Here in the UK, we are increasingly seeing biopower at work in the national health system (NHS). A target driven culture allows patients to be treated like numbers or labelled as disease entities. It is common place to hear of people referred to as ‘Diabetics’ or ‘Asthmatics’ rather than understood as a person, with a name, in a particular life context and set of relationships who has diabetes or asthma. In my area of work, that of general practice, a huge part of our income every year comes through meeting ‘QOF’ (the quality and outcomes framework) targets. The idea behind such targets is to ‘drive up standards’ and ‘improve patient care’. In real terms, however, people can end up having various changes and increases to their medications, so that their blood pressure meets a government target, for example. The ill effects of this, particularly on old people has been recently well documented. Clinicians work hard to get everybody’s blood pressure below a certain value, but due to a lack of research and understanding behind the targets set, especially for people over the age of 75, lowering the blood pressure too much has been causing an increase in falls, fractures and long hospital stays!

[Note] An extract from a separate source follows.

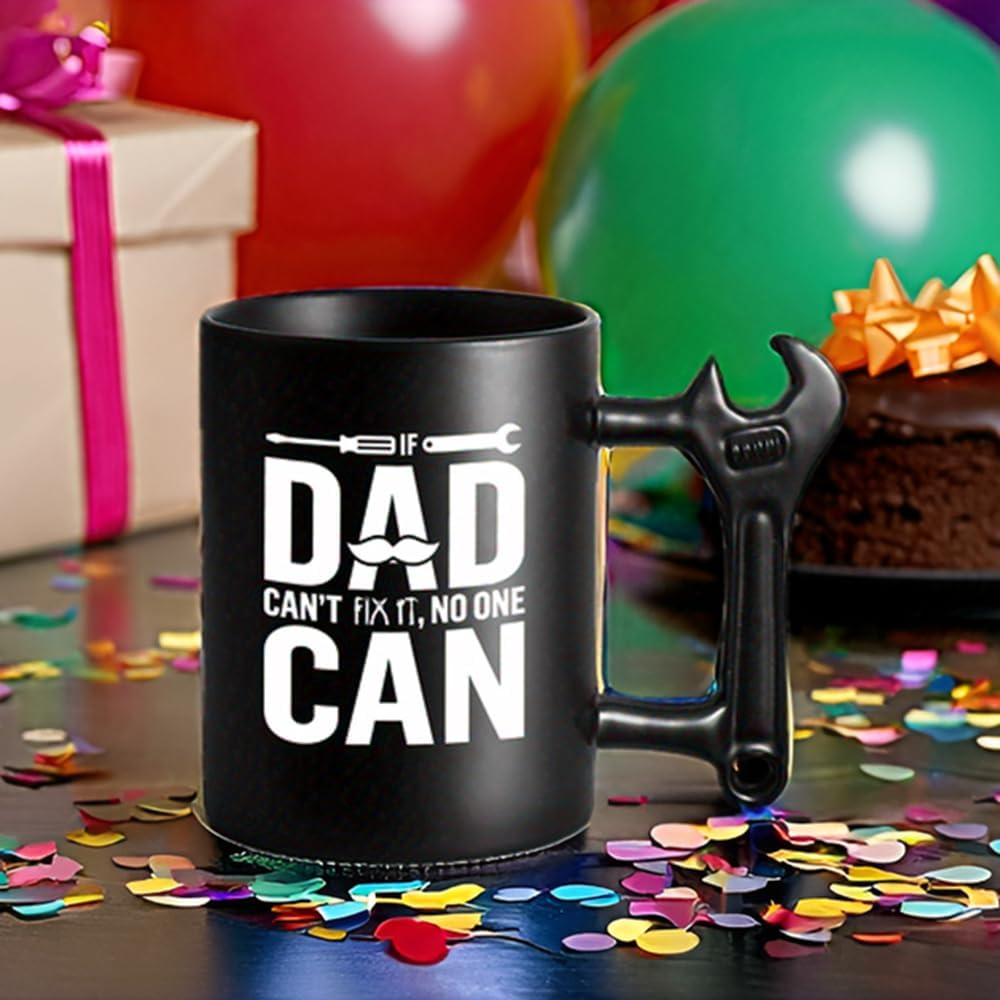 LOZACHE Coffee Mug with Spanner Wrench Handle, If Dad Can't Fix Ceramic Milk Cup, Funny Gifts from Daughter and Son on Father's Birthday, Christmas, Father's Day - Image 4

This is one of many examples where ‘payment by results’ is actually subtracting from patient centred care.
In the recent top down re-organisation of the NHS, which has cost more than £2billion, despite a government promise that such a reorganisation would not happen, more services are being driven out of a traditional hospital setting into the community with no extra resources or time provided to do this work. The new clinical commissioning groups (CCGs) are the new local governing bodies, which have replaced PCTs (primary care trusts). The idea behind this is that GPs, clinicians who know their patients and areas well, should be those who commission services rather than non-clinically trained managers, as they potentially have a better knowledge of the needs of patients. However, it transpires that if the government don’t like decisions being made, they can simply dismiss a board and replace it with another one which will comply with their wishes or cause them less of a political headache.

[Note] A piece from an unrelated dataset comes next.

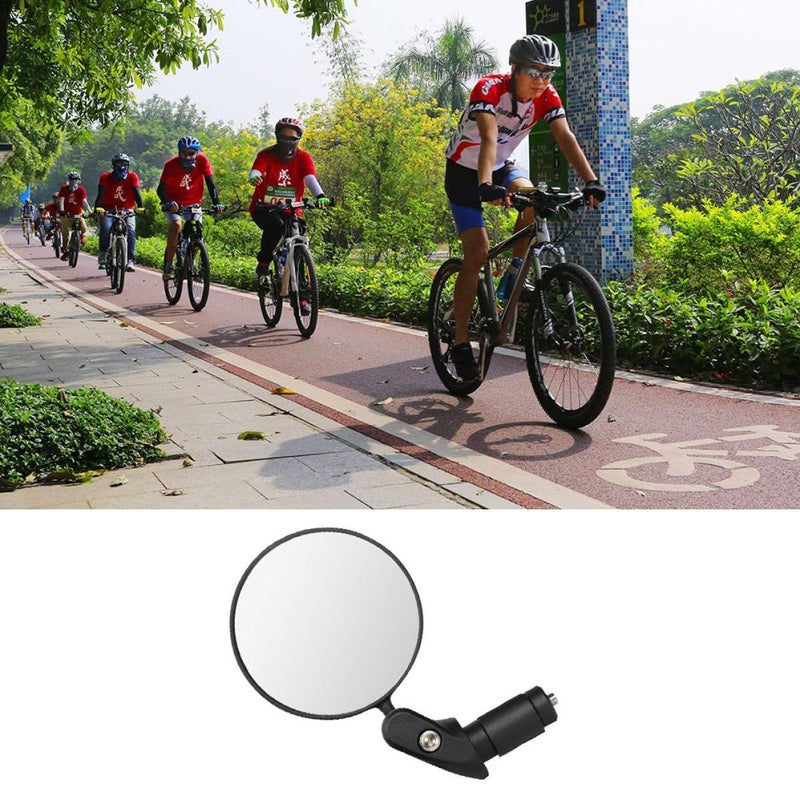 Universal Black Bike Rear View Mirror 360 Rotating Convex Foldable Handlebar Bar End Mirror for Mountain and Road Bikes - Image 5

The implication of the EU-US trade agreement has opened the NHS in a way, like never before, to the forces of the free-market. This is based on a philosophy that competition drives up standards of care, and that private providers should be able to bid for services. At first this sounds like a credible and plausible idea. If another provider can offer the same service for less money, surely this is a good thing? Actually it is problematic on two levels. Firstly because the philosophy is deeply flawed. Competition does not drive up standards. It increases stress and breaks apart well integrated services. It destabilises services which currently work well in a symbiotic manner. For example, if Spec Savers offer a cheaper hearing aid service than the local hospital, then they can win a bid to provide this service. But it destabilises the hospital audiology department, which then has a knock on effect to the ENT department. The private company benefits, but in the long term the local population does not. Secondly, when companies limited by shares become the providers of care, care begins to play second fiddle to the need to make money. And here is a major stumbling block. The marginalised poor and the chronically sick do not make good financial sense, and share holders who live in another part of the world care little for their needs, but care a lot about making more money for themselves. So, we will find that those who need care the most will be unable to access it, as greed becomes the driving force. This is sadly proven in the US health system, where this philosophy is rife and 50 million people cannot afford healthcare and 40,000 people died last year as they could not afford the operations they needed. It is only media hype that causes some to believe the US to have the best health system. Most consider it to be inequitable and highly wasteful of resources.